ABOUT THIS EXERCISE:
Starting with the line that has "GE Profile GeoSpring" in the records below and stopping after the line that has "Defending Power Offense", output every line exactly and nothing else; skip pictures.

DATA FOR THIS TASK:
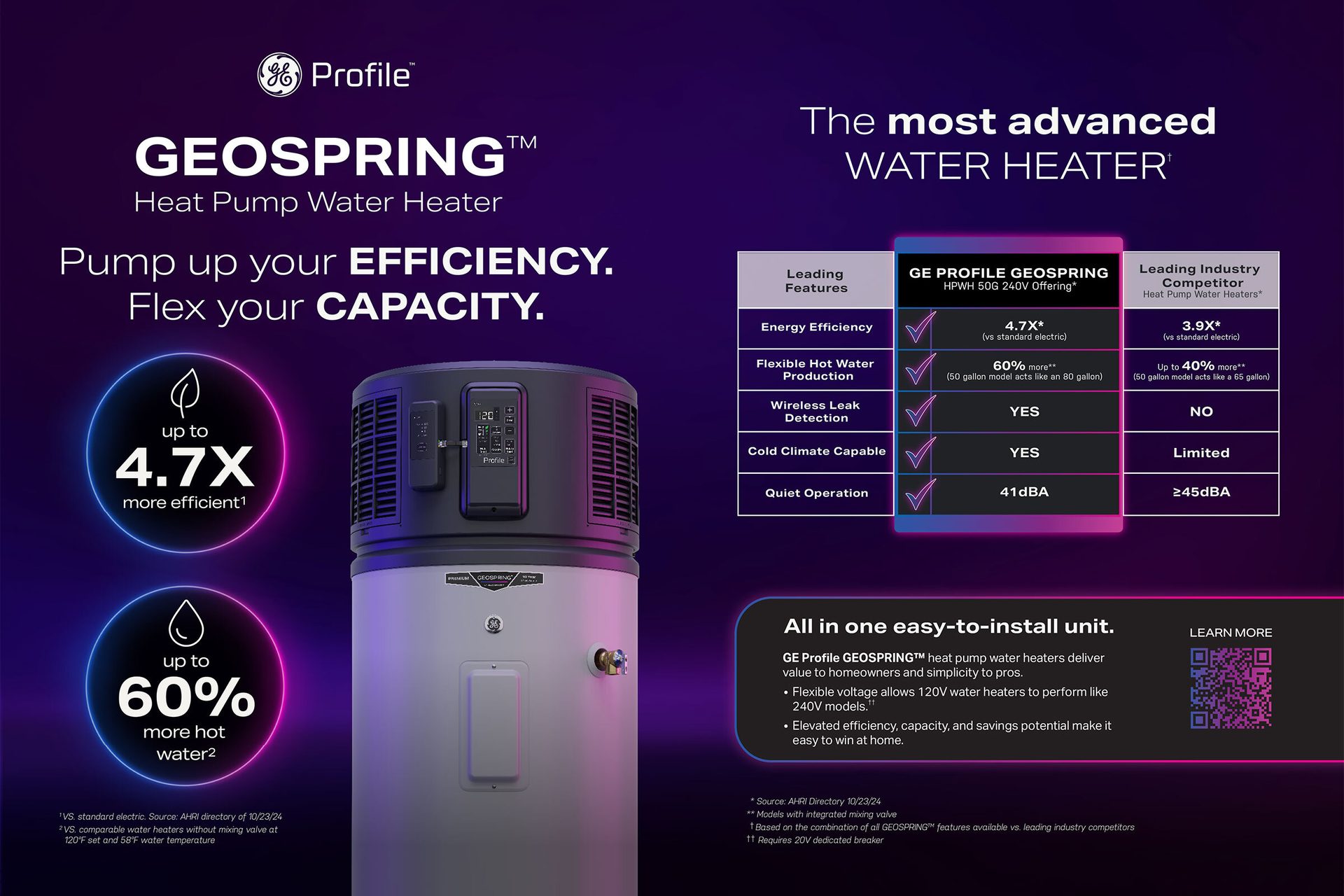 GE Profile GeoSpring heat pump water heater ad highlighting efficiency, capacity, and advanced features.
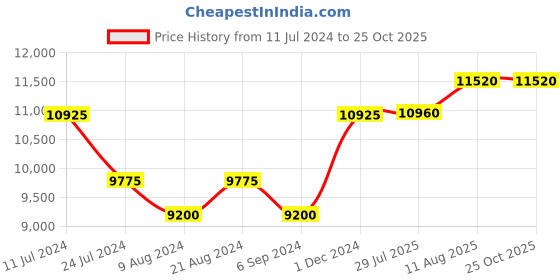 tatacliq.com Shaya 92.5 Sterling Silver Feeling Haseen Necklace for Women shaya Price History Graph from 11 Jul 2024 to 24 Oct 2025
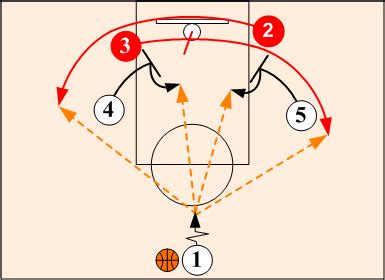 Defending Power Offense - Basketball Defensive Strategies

---

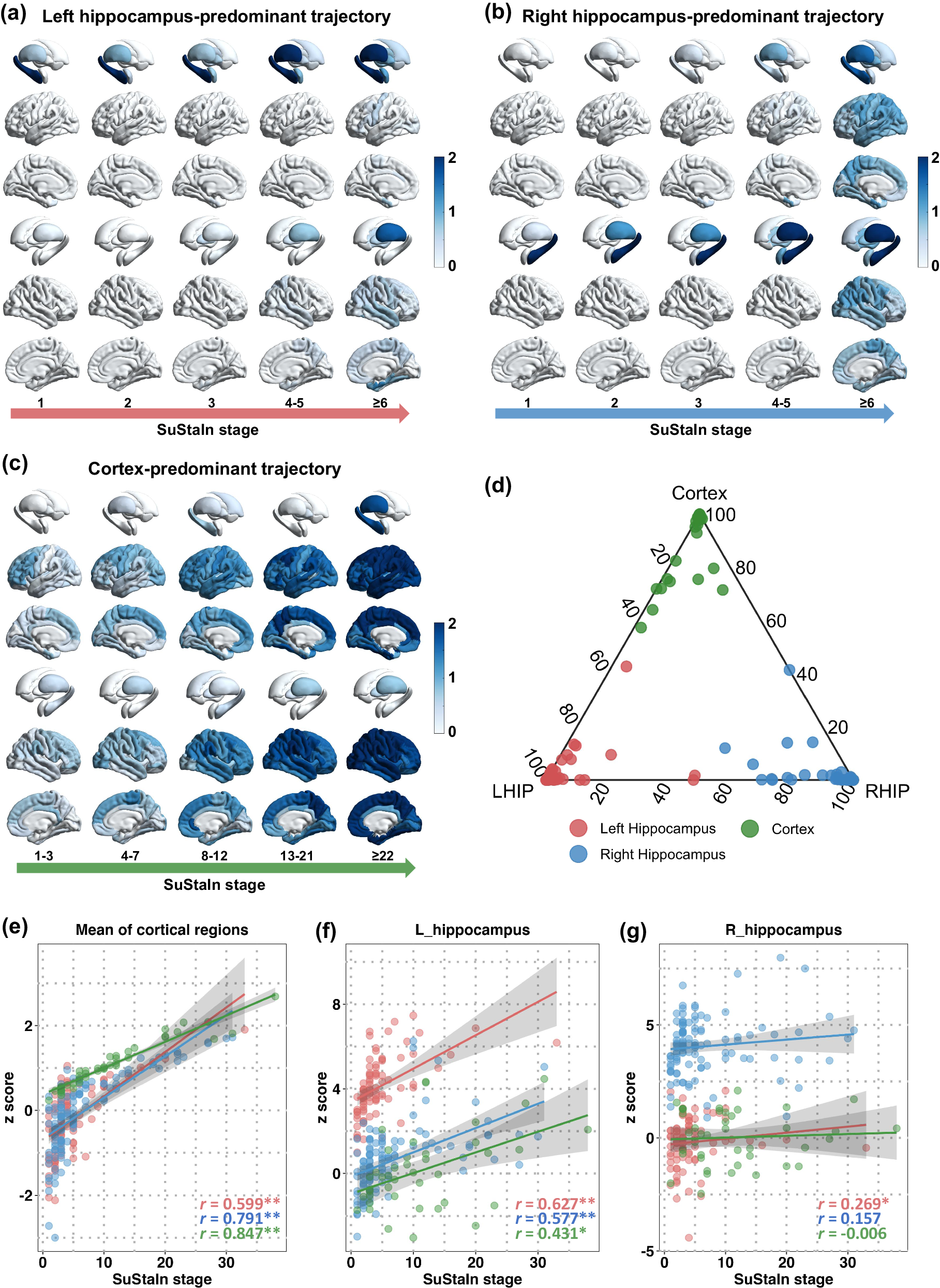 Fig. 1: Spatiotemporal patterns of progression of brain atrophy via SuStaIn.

REPLY:
 GE Profile GeoSpring heat pump water heater ad highlighting efficiency, capacity, and advanced features.
 tatacliq.com Shaya 92.5 Sterling Silver Feeling Haseen Necklace for Women shaya Price History Graph from 11 Jul 2024 to 24 Oct 2025
 Defending Power Offense - Basketball Defensive Strategies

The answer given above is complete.